---------- DATA SHOWN ----------

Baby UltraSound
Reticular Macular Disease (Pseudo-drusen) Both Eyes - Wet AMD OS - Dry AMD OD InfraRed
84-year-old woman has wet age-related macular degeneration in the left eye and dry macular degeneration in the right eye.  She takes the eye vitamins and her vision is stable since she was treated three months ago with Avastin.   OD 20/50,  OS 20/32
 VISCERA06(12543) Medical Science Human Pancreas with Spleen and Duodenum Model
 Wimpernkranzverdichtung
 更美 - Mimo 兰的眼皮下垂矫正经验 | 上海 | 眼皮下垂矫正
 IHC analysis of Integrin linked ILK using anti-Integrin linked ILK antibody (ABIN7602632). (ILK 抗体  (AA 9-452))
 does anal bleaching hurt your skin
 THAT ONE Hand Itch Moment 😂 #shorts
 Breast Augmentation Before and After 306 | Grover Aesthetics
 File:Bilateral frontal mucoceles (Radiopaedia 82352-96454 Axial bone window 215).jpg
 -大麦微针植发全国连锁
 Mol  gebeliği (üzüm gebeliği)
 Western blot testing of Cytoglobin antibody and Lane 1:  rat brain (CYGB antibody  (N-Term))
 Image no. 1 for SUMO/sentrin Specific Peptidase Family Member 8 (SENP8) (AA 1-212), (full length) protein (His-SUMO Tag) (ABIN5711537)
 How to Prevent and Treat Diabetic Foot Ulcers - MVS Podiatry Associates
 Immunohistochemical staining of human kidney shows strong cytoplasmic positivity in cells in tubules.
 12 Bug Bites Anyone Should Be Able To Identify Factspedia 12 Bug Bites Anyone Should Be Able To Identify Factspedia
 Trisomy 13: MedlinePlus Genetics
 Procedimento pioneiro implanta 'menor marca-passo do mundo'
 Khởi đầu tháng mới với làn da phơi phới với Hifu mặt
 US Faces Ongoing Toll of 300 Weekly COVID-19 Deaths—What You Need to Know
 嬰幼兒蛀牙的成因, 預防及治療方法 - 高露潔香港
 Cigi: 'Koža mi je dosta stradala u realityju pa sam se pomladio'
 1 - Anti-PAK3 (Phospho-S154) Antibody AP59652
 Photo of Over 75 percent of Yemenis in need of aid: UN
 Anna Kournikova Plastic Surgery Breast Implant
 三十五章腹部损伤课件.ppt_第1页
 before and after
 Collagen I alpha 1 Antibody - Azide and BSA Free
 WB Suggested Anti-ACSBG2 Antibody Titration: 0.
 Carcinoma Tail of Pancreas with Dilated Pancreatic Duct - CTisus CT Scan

----------

• EXERCISE REQUIREMENTS: Produce exactly the lines from the one containing "US Faces Ongoing" through the final line of the records above, both included, and no others.

• RESULT BELOW:
 US Faces Ongoing Toll of 300 Weekly COVID-19 Deaths—What You Need to Know
 嬰幼兒蛀牙的成因, 預防及治療方法 - 高露潔香港
 Cigi: 'Koža mi je dosta stradala u realityju pa sam se pomladio'
 1 - Anti-PAK3 (Phospho-S154) Antibody AP59652
 Photo of Over 75 percent of Yemenis in need of aid: UN
 Anna Kournikova Plastic Surgery Breast Implant
 三十五章腹部损伤课件.ppt_第1页
 before and after
 Collagen I alpha 1 Antibody - Azide and BSA Free
 WB Suggested Anti-ACSBG2 Antibody Titration: 0.
 Carcinoma Tail of Pancreas with Dilated Pancreatic Duct - CTisus CT Scan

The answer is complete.